Construction of the course began in Oct. 1993, and over the next 18 months progressed pretty much on schedule. On April 28, 1995, at the official opening, the proud Egets and an equally proud Gary Player accepted the congratulations from what was already a membership of more than 200.
It is a course of extraordinary aesthetic charm, with an overall elevation change of 90 feet. Each hole is routed separately through the trees. There are no houses, no roads, no distractions of any kind. As at Glenmaura, it is a case of the golfer and nature.
From the day it opened, the course did not appear to be new. There was nothing raw about it. Huge old hardwoods line most of the holes. Included are several varieties of oak and maple, to say nothing of cherry, walnut, beech, and others. One of the black walnut trees is approximately 300 years old.
Still, perhaps no element of the vegetation contributes so strongly to one’s favorable impression of the course as the native fescue grasses. Often flanking the fairways, they range in height from three to six feet. They add variety in color to the course and, when waving in the breeze, they lend a suggestion of movement to this exquisite landscape. Not incidentally, they are the very devil to recover from, and they help materially to account for the fact that a number of players here find themselves reminded of such great old-world-style courses as Garden City Golf Club and Prairie Dunes and, to a lesser degree, even Shinnecock Hills.
Speaking of old world. Player has introduced a number of stacked-sod bunkers—from a distance you feel that you are looking at a brick wall—into the design, something one very rarely sees outside the British Isles. They incline to be deep, with steep, near-vertical faces.

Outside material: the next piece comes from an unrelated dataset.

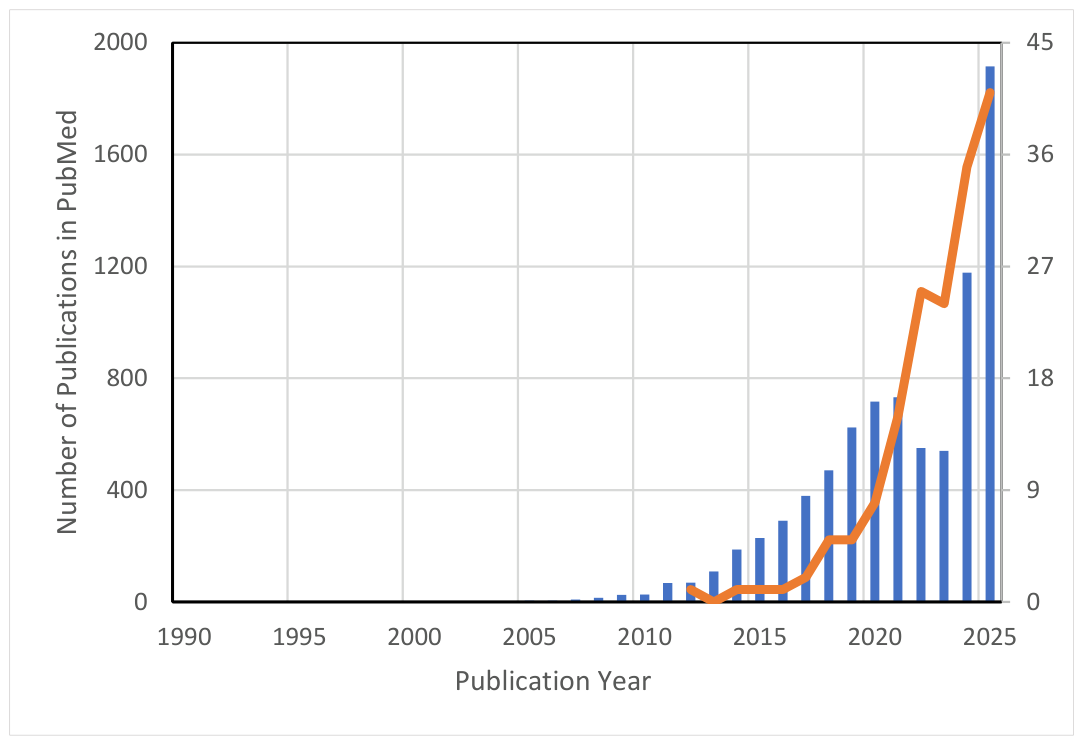 Preprints 237484 g008 Preprints 237484 g008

The course, par 71, can be played as far back as 6,900 yards and as far forward as 5,000 yards, with three stops in between. Every hole has at least six tees and there is a total of 137 separate teeing grounds, which must be something of a record.
There is water, generally in the form of ponds, on eight holes. Only twice, however, is a forced carry called for. The other six times the hazard is a parallel one. The fairways are generous, but the scrub and the tall fescues that flank them are hostile. The greens tend to be huge: the par-3 8th, for instance, has a putting surface of 12,500 square feet. Fortunately, the slopes and undulations are not excessive. We have a reasonable chance of lagging close.
When Player was asked to name his favorite holes here, he cited 3, 6, 9, 12, 13, and 18. Asked the same question, Ed Eget cited the opening hole and the llth. The 1st is hard and dangerous, a distinctly inhospitable start to the round, but, on the other hand, fair notice that this is golf in earnest. This gentle dogleg left is 417 yards long from the regular tees, the entire right side densely wooded and containing a 45-foot falloff into a wooded valley. The fairway, one of many such, is bi-level. The 10,000-square foot green is a two-tier design, with a severe drop on the right, where “salvation bunkers” prevent a plunge to the bottom of the steep hillside. The hole is a classic card-wrecker, and this before we even have anything on the card!
On the other hand, the 185-yard 11th is a pure delight. Here another spacious green lies well below us and on the far side of a pretty pond. Bold fescue-cloaked mounds snare the unintended push (or the deliberate bail-out). The backcloth for the green is woodlands. A lovely hole, it is also no giveaway. And just for the record, it has nine tees.
Chesterfield is probably the best work Gary Player has yet done—and in a setting of uncommon natural beauty. The second time around in the golf course business, Ed and Corinne Eget have come up with the 18 of their dreams.